|www.corpun.com : Archive : Up to 1975 : DE Domestic Apr 1964|
Corpun file 25492 at www.corpun.com
The Milwaukee Journal, Wisconsin, USA, 30 April 1964
German Professor Suggests Wider Use of Birching Rods
Los Angeles Times News Service
Bonn, West Germany -- The birching rod, often called the whipping cane and occasionally still called "meines vaters grosser stock," [my father's big stick] is still an instrument of high justice in Germany.
It may be out of style, ridiculed and criticized in much of the world -- including the United States where juvenile delinquency is such a problem -- but in Germany, the birching rod is still reached for.
It is wielded by 85 per cent of all German fathers.
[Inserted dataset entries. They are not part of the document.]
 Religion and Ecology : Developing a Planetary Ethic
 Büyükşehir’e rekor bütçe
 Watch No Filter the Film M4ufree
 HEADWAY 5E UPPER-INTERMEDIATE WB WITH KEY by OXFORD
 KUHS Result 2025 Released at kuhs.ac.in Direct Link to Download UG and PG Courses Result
Six strokes are about average punishment for a boyhood crime. The site is nearly always within the bedroom of the private home. The application point is just where you would imagine, as has nearly always been the case.
Data Was Evaluated
Why this section of the anatomy is still the favorite is a mystery in Germany because a birching rod applied there with force hurts a lot less than it does applied most other places.
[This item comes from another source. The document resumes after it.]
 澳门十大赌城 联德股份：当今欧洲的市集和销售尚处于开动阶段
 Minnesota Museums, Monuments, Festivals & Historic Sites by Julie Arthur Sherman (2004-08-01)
All of this information has been collected and evaluated by an eminent German professor, Walter Haevernick, director of the Seminar for German Archaeology and Folklore in Hamburg.
Prof. Haevernick is one of few German scholars to come out in favor of, in justified cases, of course, laying on the rod to save the child. He disagrees with psychologists who say the cane is nothing but the symbol of a shortage of parental talent to educate.
Children Admit Need
He has gone at length into the study and even turned up evidence that a large number of neurotic children in the U.S. are not found in families that use the cane but mainly, families that practice what is called, "withdrawal of love."
An inquiry in Hamburg schools proved that home punishment does not overly distress or embitter children. Instead, it was found, their punishment seems to be considered normal. Eighty-two per cent of the kids do not consider canings dishonorable. Of 237 youngsters questioned, 71 per cent thought caning usually was necessary.
Haevernick's findings have turned up so much interest that other educators, although not necessarily agreeing, feel the matter should he looked into further. Many disagree.
One said, "I am no friend of corporal punishment but it seems worthwhile to find out if grandfather's good thrashing does not bring better results than a lengthy youth trial."
Prof. Haevernick's findings and opinions take on added weight since he is the father of several children and he was caned as a lad. In fact, he says, hard Indonesian canes used for birching in his boyhood are actually harder than the canes of today.